## **Maximum Likelihood Estimation (MLE)**

Maximum Likelihood Estimation (MLE) is a method used to estimate the parameters of a given distribution. In this notebook, we will demonstrate how to use MLE to estimate the mean $(\mu)$ and standard deviation $(\sigma)$ of a normal distribution.

## EXERCISE 1:
## Algorithm for MLE with Normal Distribution
1. **Write the PDF (Probability Density Function)**:
   $$f(x|\mu, \sigma) = \frac{1}{\sqrt{2\pi\sigma^2}} \exp\left(-\frac{(x - \mu)^2}{2\sigma^2}\right)$$
2. **Write the likelihood function** (the product of the PDF for the observed values):
   $$L(\mu, \sigma) = \prod_{i=1}^n \frac{1}{\sqrt{2\pi\sigma^2}} \exp\left(-\frac{(x_i - \mu)^2}{2\sigma^2}\right) $$
3. **Write the log likelihood function**:
   $$ \ell(\mu, \sigma) = \ln L(\mu, \sigma) = \sum_{i=1}^n \left[ -\ln(\sqrt{2\pi\sigma^2}) - \frac{(x_i - \mu)^2}{2\sigma^2} \right] $$
4. **Calculate the derivative of the log likelihood function with respect to the parameters**:

   For $(\mu)$:
   $$ \frac{\partial \ell}{\partial \mu} = - \frac{1}{\sigma^2} \sum_{i=1}^n (x_i - \mu) $$
   For $(\sigma)$:
   $$\frac{\partial \ell}{\partial \sigma} = - \frac{n}{\sigma} + \frac{1}{\sigma^3} \sum_{i=1}^n (x_i - \mu)^2 $$
5. **Set the derivative equal to zero and solve for the parameters**:
   Solving for $(\mu)$:
   $$ \mu = \frac{1}{n} \sum_{i=1}^n x_i $$
   Solving for$(\sigma^2)$:
   $$ \sigma^2 = \frac{1}{n} \sum_{i=1}^n (x_i - \mu)^2 $$

## **Markov and Chebyshev Inequalities**



##EXERCISE 2:

1. What are $E[X]$, $\mu$, $\sigma$?

- $E[X]$: The expected value (mean) of the random variable $X$.
- $\mu$: Another notation for the expected value (mean) of $X$.
- $\sigma$: The standard deviation of $X$, which measures the spread or dispersion of the random variable around its mean.

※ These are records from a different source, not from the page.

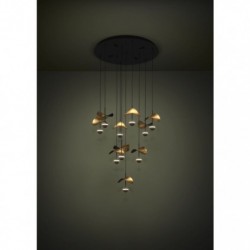 EGLO DRACERA 390339 – suspension noir – Ø 580 mm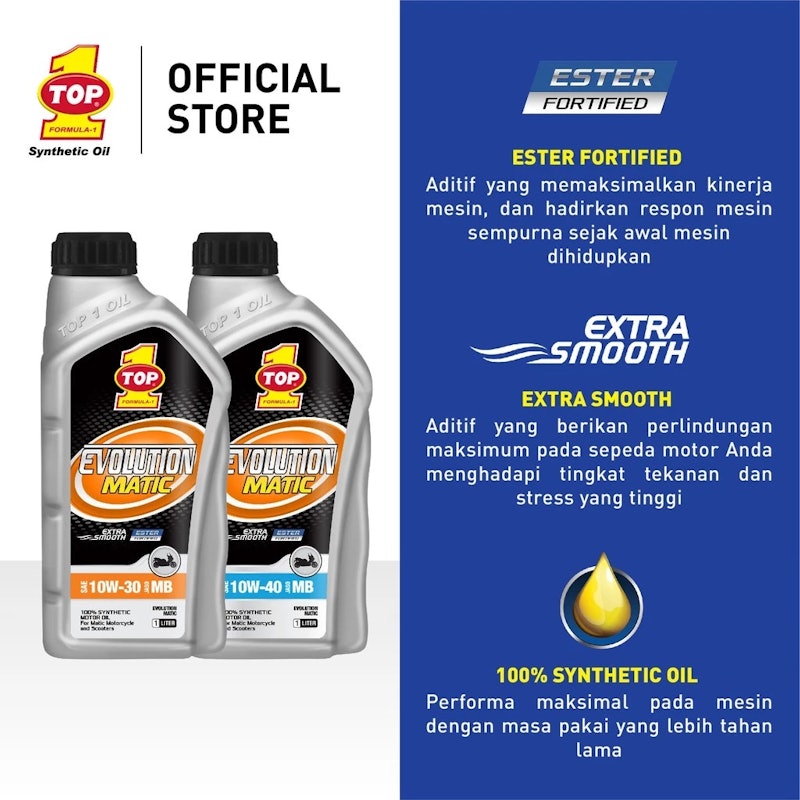 Top 1 Evolution Matic SAE 10W-40 1L 3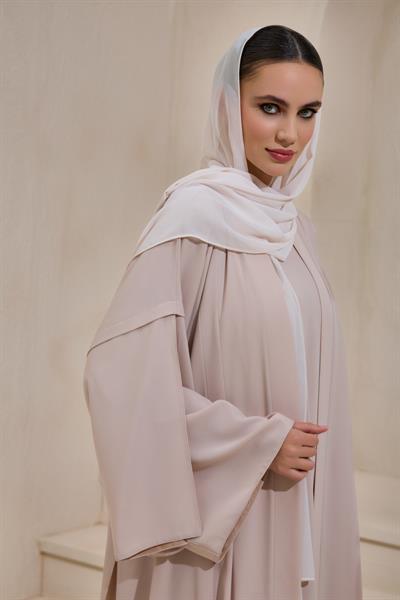 LAİLA CREPE ABAYA SET POWDER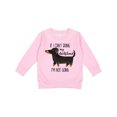 thumbnail image 1 of Inktastic If I Can't Bring My Dachshund, I'm Not Going Toddler Sweatshirt, 1 of 4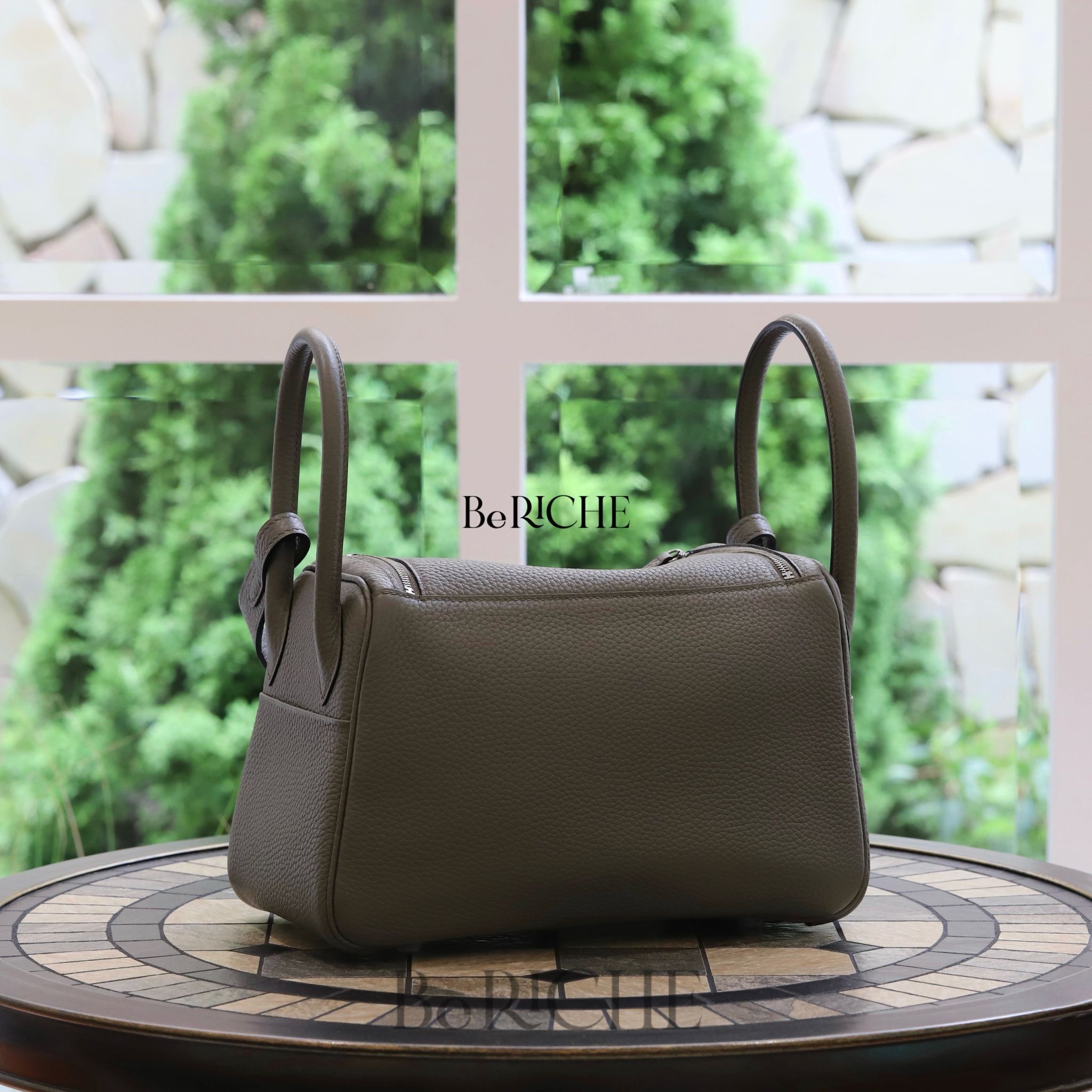 Lindy 26 Clemence Leather Gris Meyer PHW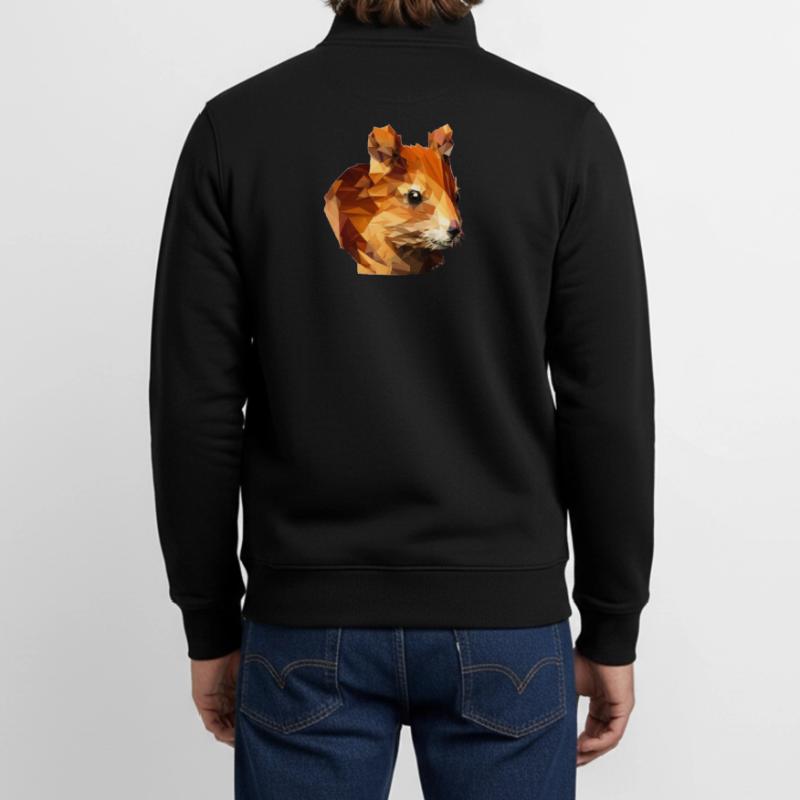 Polygon Eichhörnchen Unisex Organic Zip Sweatshirt von Stanley/Stella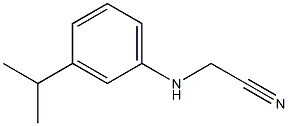 2-{[3-(propan-2-yl)phenyl]amino}acetonitrile Struktur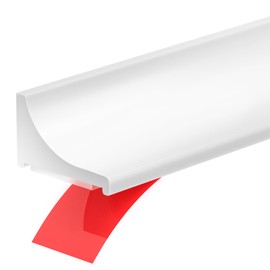 Zehiels 39Inch Shower Threshold Water Dam, Self-Adhesive Silicone Shower Barrier Water Stopper Shower Door Bottom Seal Strip Shower Splash Guard for Bathroom Kitchen Bathtub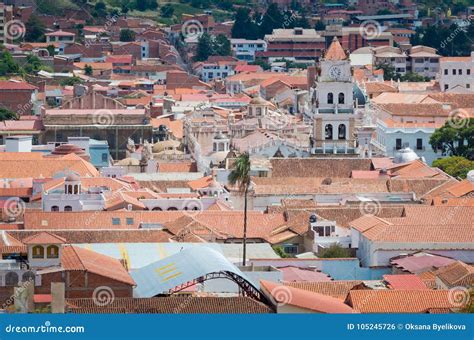 Street In Sucre Capital Of Bolivia Editorial Photo Image Of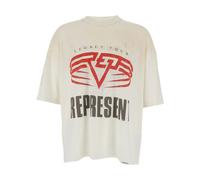 REPRESENT, ,Tops ,Uomo ,Bianco ,M T-Shirt Girocollo con Maxi Logo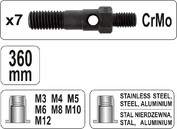 NITOWNICA RĘCZNA DO NITONAKRĘTEK M3-M12 360mm YATO YT-36127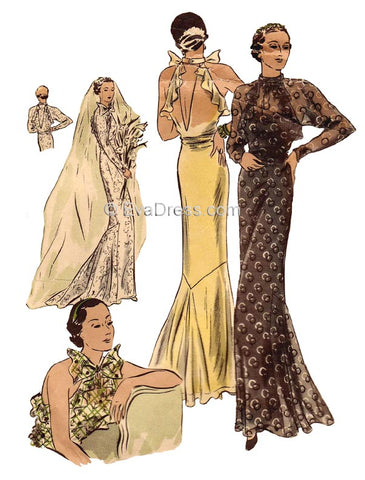 1938 - Chanel evening gown  Vintage fashion, Vintage outfits, Formal  evening wear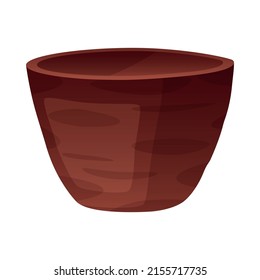 Prehistoric stone age caveman composition with isolated image of ancient dish vector illustration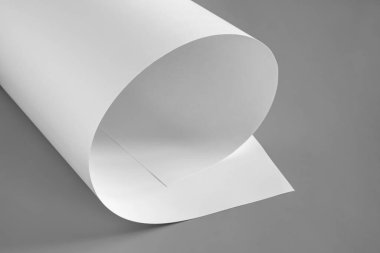 A sheet of white paper of A1 format in black and white.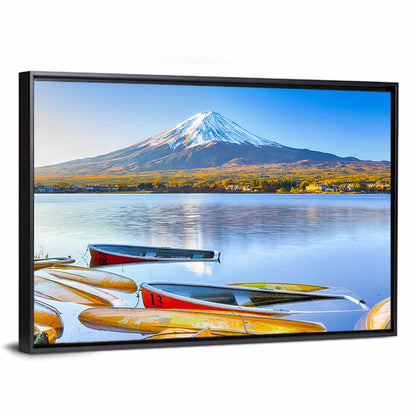 Mount Fuji Over Lake Kawaguchi Wall Art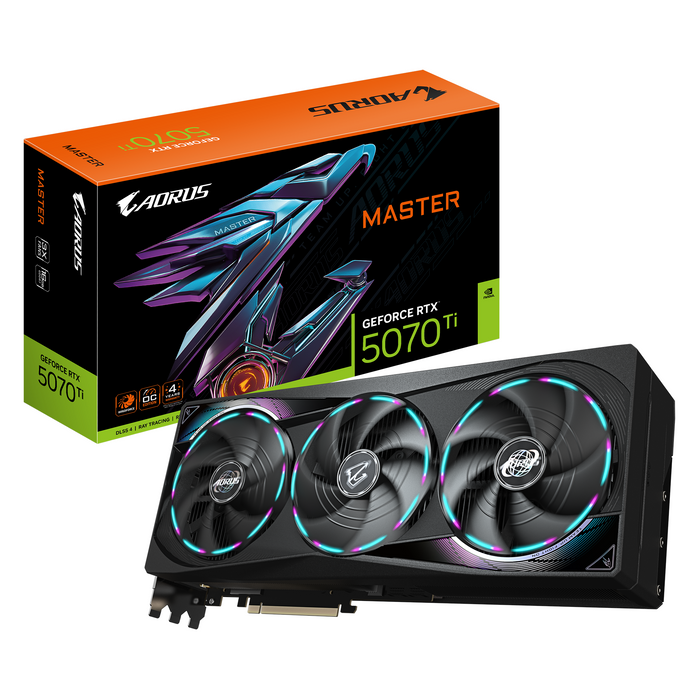 Video card GIGABYTE AORUS RTX 5070 TI MASTER 16GB GDDR7 - Видео карти<<<Компютърни компоненти<<<ValiAPI&&&Graphics card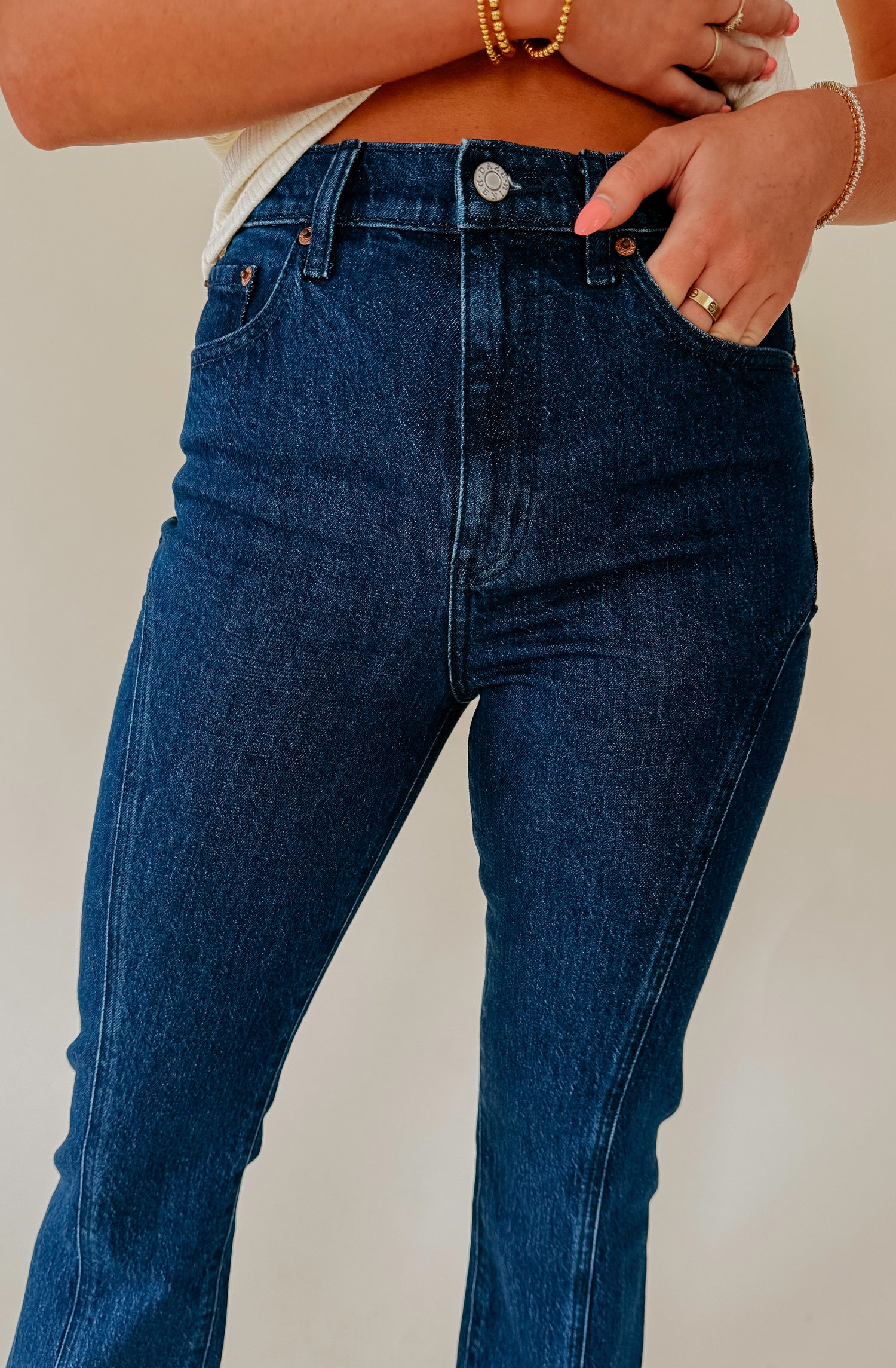 DAZE SOHO HIGH RISE ANKLE FLARE DENIM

2. What do these formulas represent?

## Markov Inequality
Markov's Inequality provides an upper bound for the probability that a non-negative random variable exceeds a certain value. Formally, if $X$ is a non-negative random variable and $a > 0$

## Chebyshev Inequality
Chebyshev's Inequality provides a bound on the probability that the value of a random variable deviates from its mean. For any random variable $X$ with mean $\mu$ and standard deviation $\sigma$, and for any $k > 0$

## Sampling Distribution:





###EXERCISE 3:
If the standard deviation of the mean for the sampling distribution of random samples of size 36 from a large or infinite population is 2, how large must the sample size become if the standard deviation is to be reduced to 1.2?

In [7]:
# Solution to exercise 3
import math

sigma_old = 2
n_old = 36
sigma_new = 1.2

n_new = (sigma_old / sigma_new)**2 * n_old

# Round the new sample size to the nearest integer
n_new = round(n_new)  # Round to the nearest integer

print(n_new)

100


In [8]:
# Assert that the new sample size is an integer
assert int(n_new) == n_new, "The new sample size must be an integer."



###EXERCISE 4:
The heights of 1000 students are approximately normally distributed with a mean of 174.5 centimeters and a standard deviation of 6.9 centimeters. Suppose 200 random samples of size 25 are drawn from this population and the means recorded to the nearest tenth of a centimeter. Determine the mean and standard deviation of the sampling distribution.

In [10]:
# Solution to Task 4
mean_population = 174.5
std_population = 6.9
sample_size = 25

mean_sampling_distribution = mean_population
std_sampling_distribution = std_population / math.sqrt(sample_size)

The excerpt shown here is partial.